"You only have to do one thing. Taking a penalty is really quite simple: you either miss it, or you score."
Dirk Kuyt is, of course, quite right. The penalty kick - a free shot from 12 yards, with no defenders around and time to pick your spot - should be among football's more straightforward tasks. In a FIFA World Cup™ shoot-out, though, it is anything but.
With a nation's hopes resting on the taker's shoulders, and the entire world watching, the pressure - as some of the game's all-time greats will testify - can make the simple seem near-impossible. The Netherlands have a patchier history than most when it comes to these shoot-outs, and faced with a goalkeeper in Keylor Navas who had thwarted Greece in the previous round, they had plenty of reasons to be fearful.
Yet it was at this time, with all the omens seeming to favour Costa Rica, that the Oranje's senior stars led by example. In the history of World Cup shoot-outs, there is unlikely to have been a better collection of spot kicks than those dispatched by Kuyt, Robin van Persie, Arjen Robben and Wesley Sneijder, all of whom proved nerveless and technically flawless. And despite all four having toiled tirelessly throughout the preceding 120 minutes, Kuyt told FIFA that weary legs were never likely to be an issue.
"To be honest, when it comes down to [taking the penalty], you don't think about that," he said. "You've just got so much adrenaline in your body. There's a lot of pressure though, so you try to focus only on taking the penalty. Basically, you feel nothing, and in that moment it's decided whether those 120 minutes of running have all been worth it or not.
"The players took the penalties very well, one by one, and then Tim [Krul] worked his magic. He was intimidating the opposition players and gave it his all. That's part of the strength of this squad. We have 23 players and they're all very good at what they do. Any time the manager needs them, they are there. We proved once again that we're not doing it with only 11 players.

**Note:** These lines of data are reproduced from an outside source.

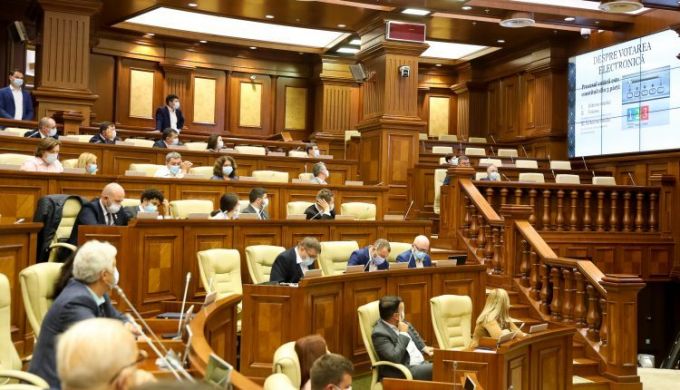 Sistemul electronic de vot al Parlamentului, pus în aplicare astăzi la prima şedinţă a Legislativului din sesiunea de toamnă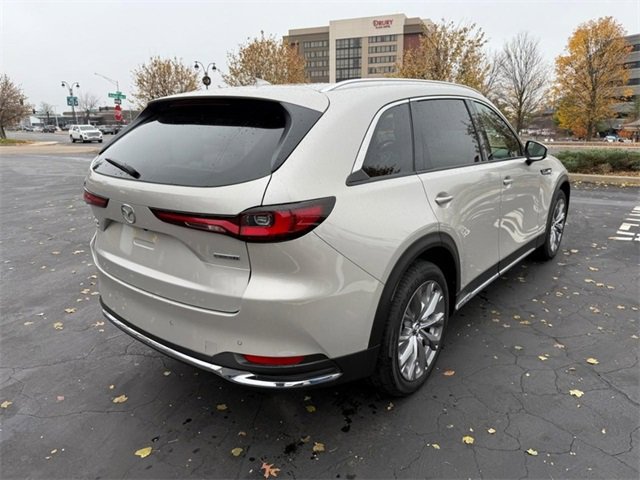 Used 2025 MAZDA CX-90 3.3 Turbo w/ Premium Plus Pkg image 8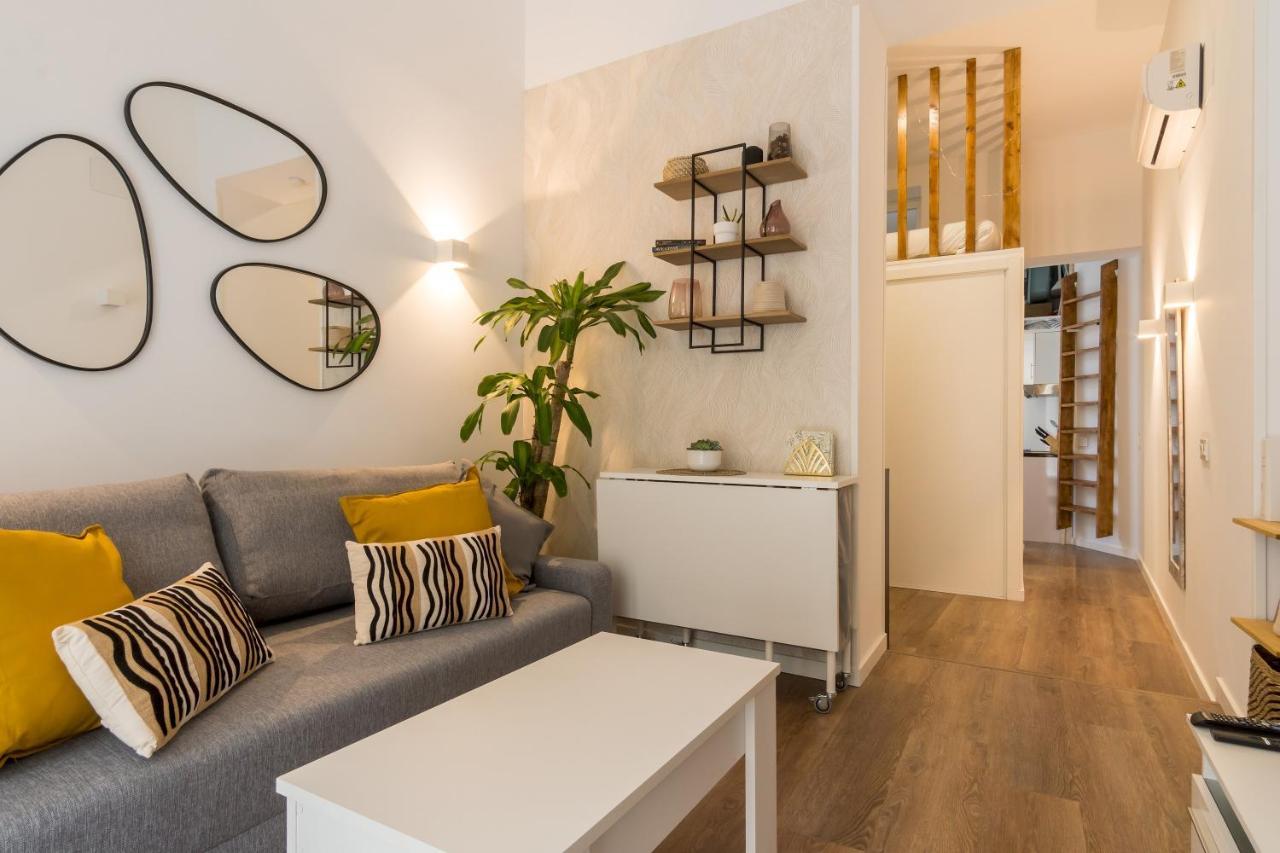Modern And Cozy- 1 Bedroom 1 Bathroom -Lavapies マドリード エクステリア 写真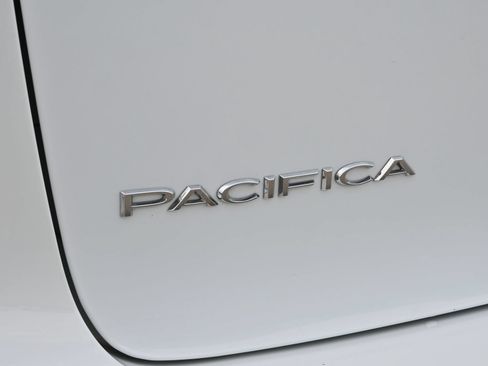 Used 2023 Chrysler Pacifica Touring-L FWD image 21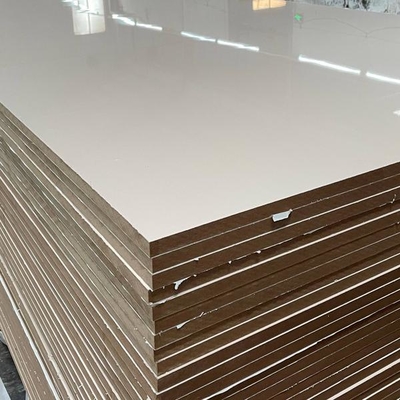 18mm UV Glossy White Laminated Melamine MDF Plywood Panel E1 Formaldehyde Wood Veneer for Wardrobe Kitchen Cabinet Doors
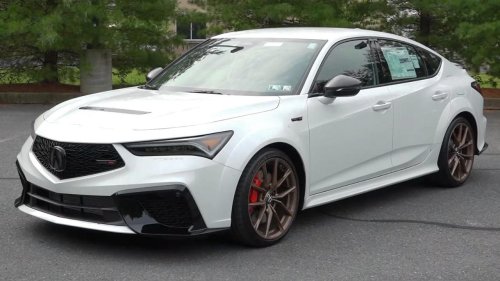 10 compact cars that surprised everyone with their speed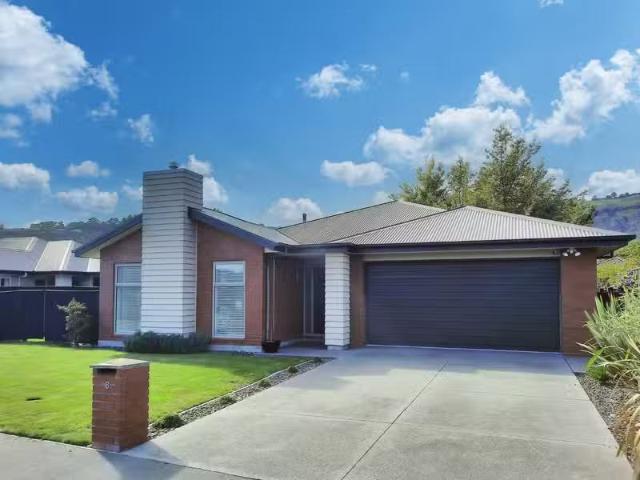 House for rent in Chaslands, Canterbury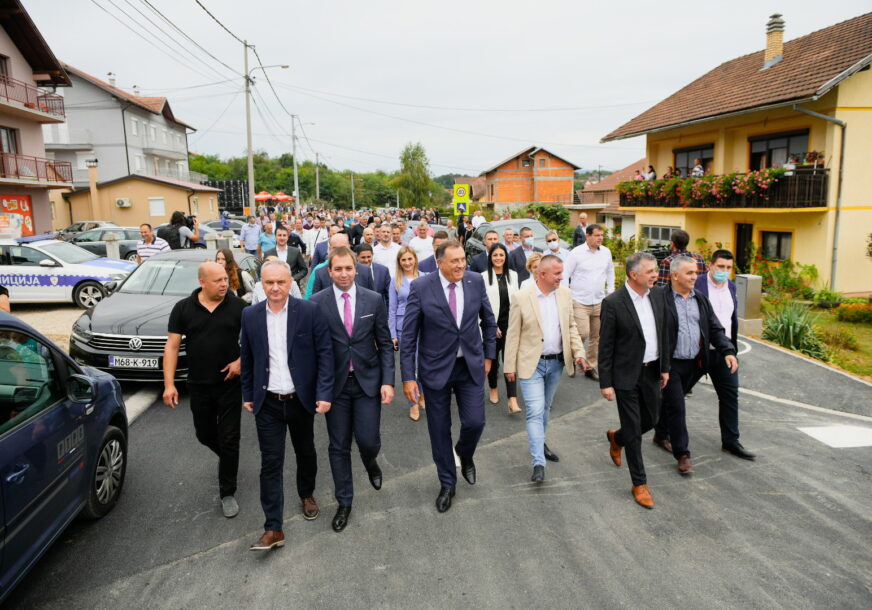 “GRADSKA VLAST RADI DOBAR POSAO” Dodik i Radojičić otvorili novoizgrađeni dio puta u Šargovcu
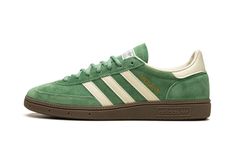 The adidas Handball Spezial “Preloved Green” is a green-based colorway of the classic sneaker.  The “Preloved Green” adidas Handball Spezial features a slightly faded green suede construction with tonal suede overlays.  Cream leather Three Stripes branding on the sides.  Gold “Spezial” and adidas Trefoil logos appear on the lateral side of the mid-panel, while “adidas” branding appears on the white leather heel tab.  A brown sole completes the look.  Release date: March 1, 2024 Green Adidas, Adidas Brand, Black Converse, Adidas Trefoil, Green Sneakers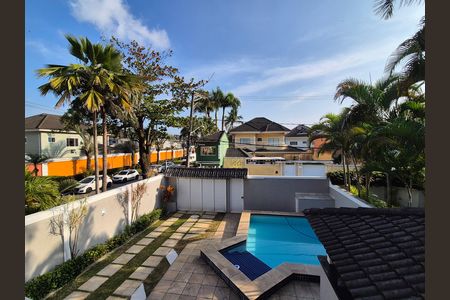 Casa de condomínio à venda com 297m², 4 quartos e 5 vagas Casa de condomínio à venda com 297m², 4 quartos e 5 vagasVista da Suíte 2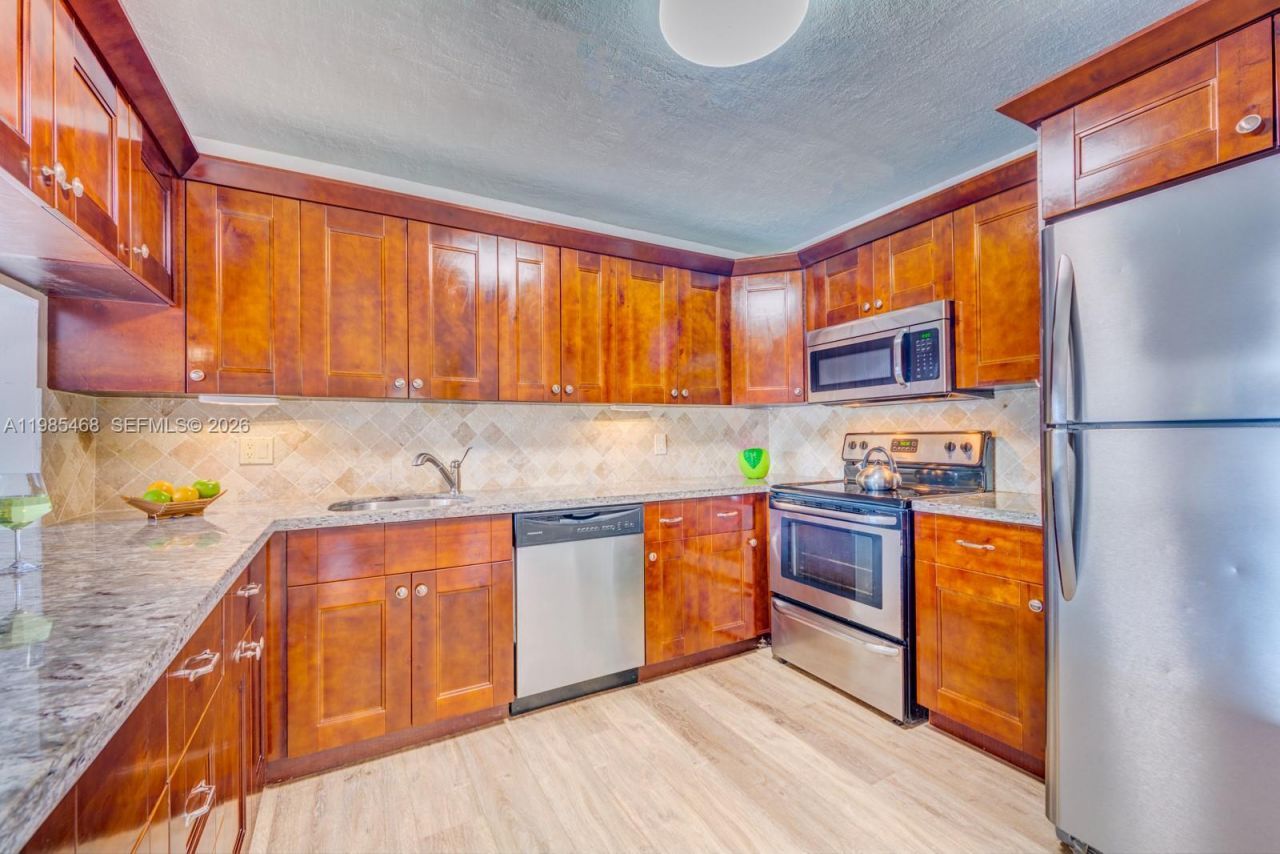 1960 Bayberry Dr, Unit 1960, Pembroke Pines, FL 33024 Photo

We are all one team - one team with one goal."
You feel nothing, and in that moment it's decided whether those 120 minutes of running have all been worth it or not.
Certainly, no other manager at Brazil 2014 has utilised his squad quite Louis van Gaal, with Krul the 21st of his 23 players to have participated. Only midfielder Jordy Clasie and Michel Vorm, the team's third goalkeeper, have yet to see action, offering concrete evidence of a genuine collective effort. That in turn is helping to create a unity that has been evident in the team's performances thus far, with Kuyt insisting that, even in being taken to penalties by Los Ticos, the Dutch still shone.
"Everything was there," he said of the performance. "I think we played a very good game - the ball just didn't want to go in. Normally, with the positions that our forwards were in, we would have scored five or six. But sometimes that happens in football.
"I'm just so proud of this team because we didn't give up for a second, neither in regular time nor in extra time - and not at all during the penalties. I think we showed, during those 120 minutes as well as in the shootout, that we really wanted to win this game and continue to the semi-finals. And finally we got what we deserved."
The Netherlands' reward is an even tougher test - almost certainly their toughest yet - with Argentina awaiting in a Sao Paulo semi-final. And while La Albiceleste struggled against Belgium before eking out a drab 1-0 win, Kuyt is under no illusions about the threat that they pose.
"Argentina are a world-class team," he said, "and they deserve to be in the last four. But we want to measure ourselves against the best, and not only measure - but win. That's why we're here. The semi-finals are fantastic but we know what it feels like to lose a World Cup, and we would love to win [the Trophy]. That's our goal."